Howard Brickman – Hardwood Flooring from the Tree Tops to the Roots: An Intimate Fireside Chat with an Industry Trailblazer!

Air Date: 4-3-2020|Episode 580

This week the Moisture Mob returns for the 5th show in the series by delving into the Hardwood Flooring sector of the industry and exploring how moisture impacts the installation, use, warranty and life of installed hardwood flooring. The Restoration Global Watchdog says, join the Z-man and Radio Joe for an intimate ‘fireside chat” show with Howard Brickman, a pioneer and trailblazer in the hardwood flooring industry!

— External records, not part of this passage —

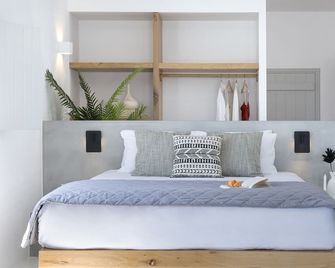 June Twenty Suites - Karterados - Bedroom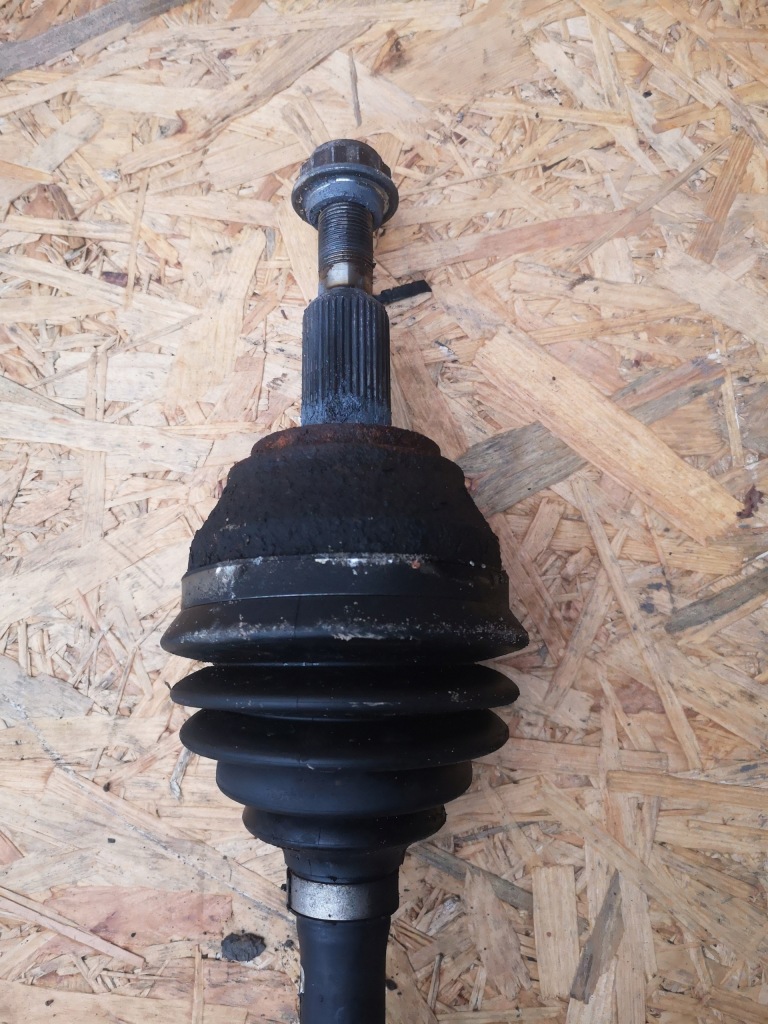 фото №4, Vw touareg 7l приводной вал левый перед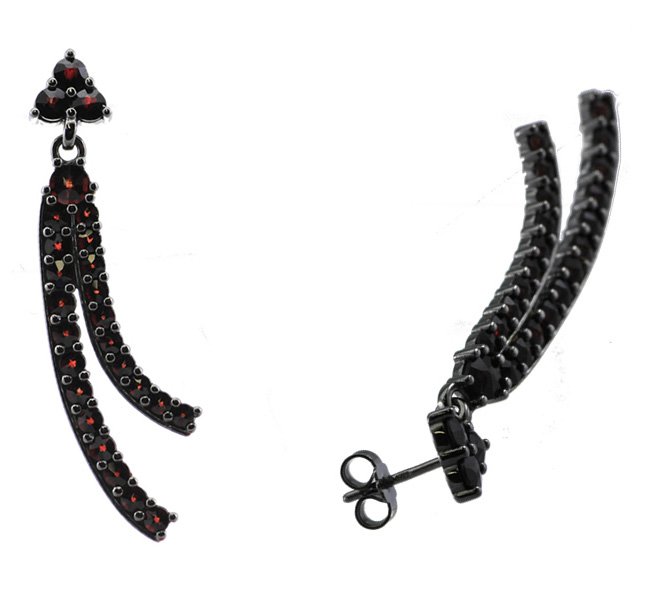 Stříbrné náušnice s českým granátem, ruthenium, puzety – 559
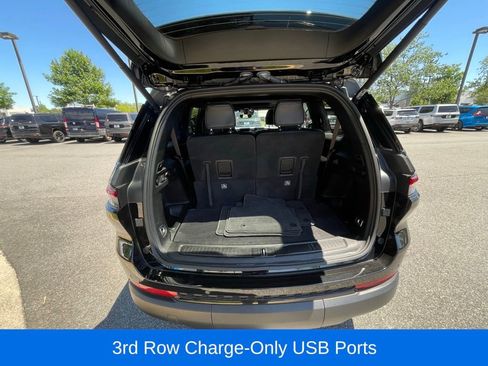 Used 2025 Jeep Grand Cherokee L Altitude AWD/4WD image 17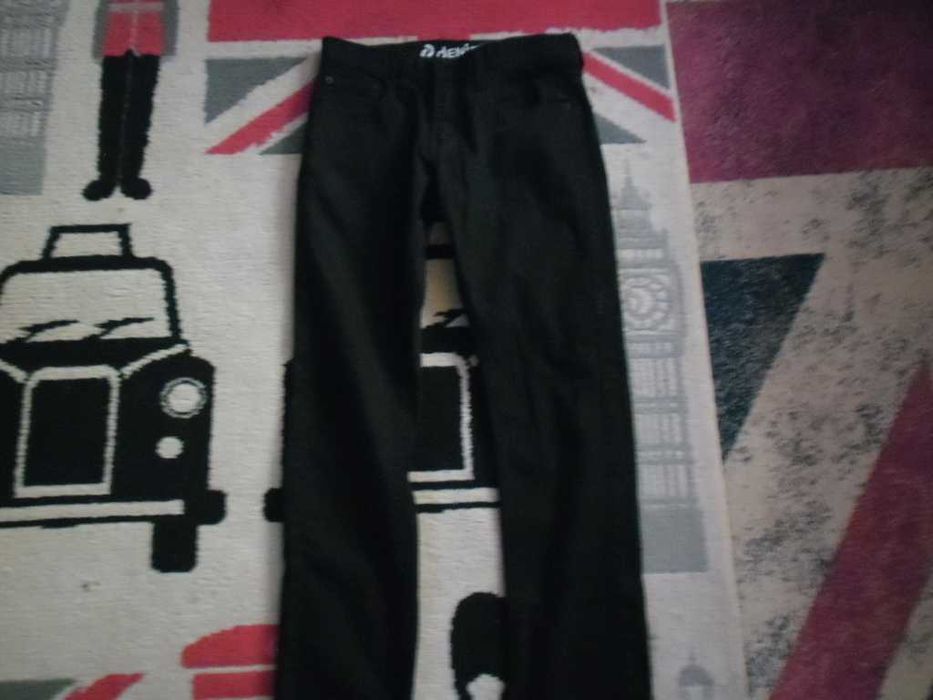 Продавам  дънки нови и пола BIAGGINI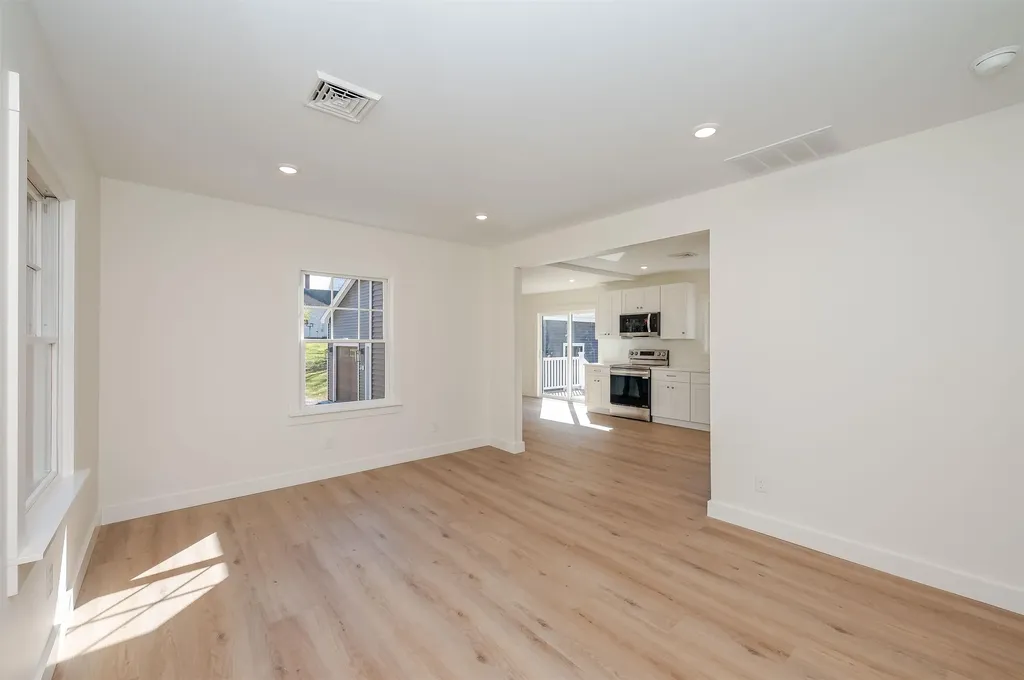 93 Lebanon Road North Berwick ME 03906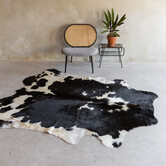 Uniek gefotografeerd zwartbonte koeienhuid KH-050 met een afmeting van ca. 220x206cm (3-4m²)
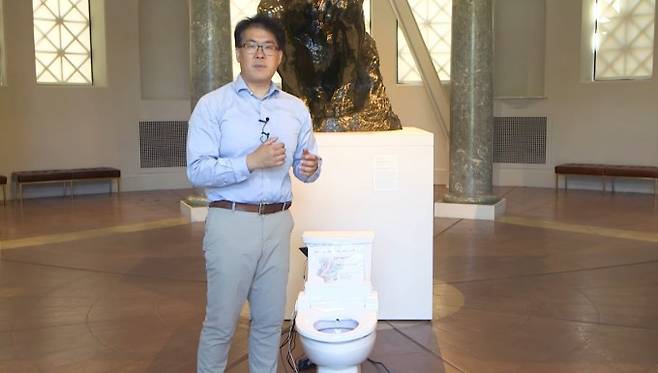 박승민 박사가 이그노벨상 수상 소감을 밝히고 있다. 별난 연구 연보 제공.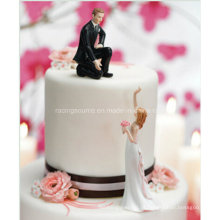 O noivo empresta uma mão Figurine topper de bolo de casamento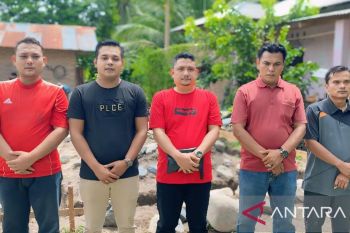 Lembaga sosial Pasaman A1 gotong royong pembangunan rumah korban kebakaran di Muara Bangun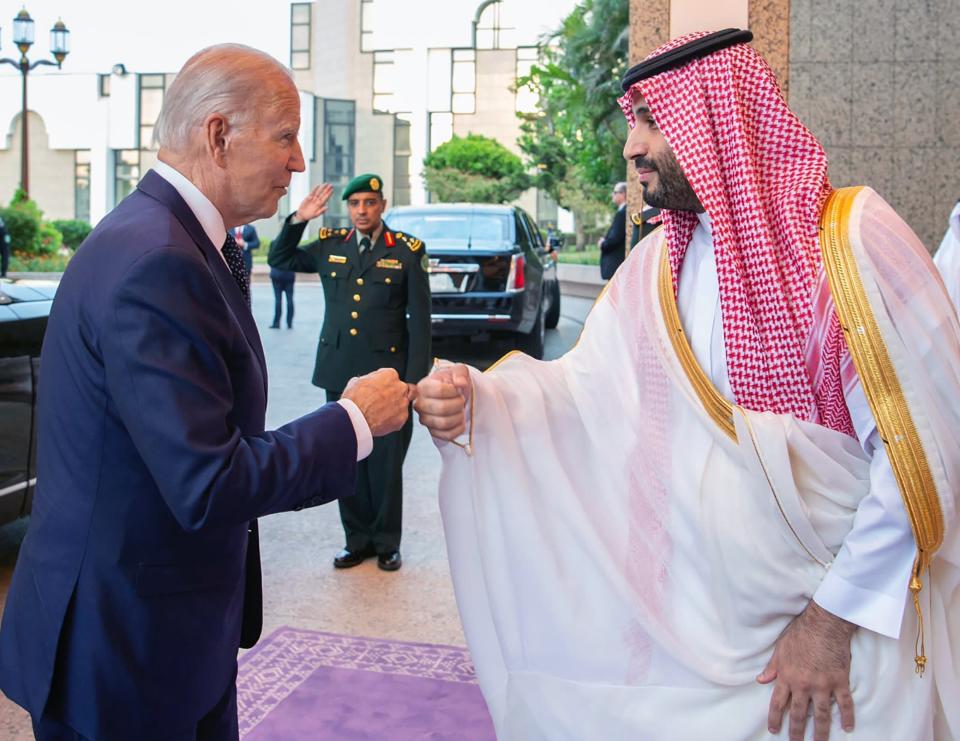 En esta imagen publicada por el Palacio Real saudí, el príncipe heredero saudí Mohammed bin Salman saluda al presidente estadounidense Joe Biden chocando los puños a su llegada en Yeda, Arabia Saudí, el viernes 15 de julio de 2022. (Bandar Aljaloud/Saudi Royal Palace via AP)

Howard was a charter member of the NWFA (wood flooring association) and served for years as the manger for inspections and school services for NOFMA  (oak flooring association). He has consulted on or been contracted for many high profile custom installations such as as the Great Hall in Boston’s famous tourist attraction Faneuil Hall. Howard is a self described, “Carpenter-in-Overalls” and served as a technical consultant for the well known home improvement TV show with Bob Vila called, “Home Again”.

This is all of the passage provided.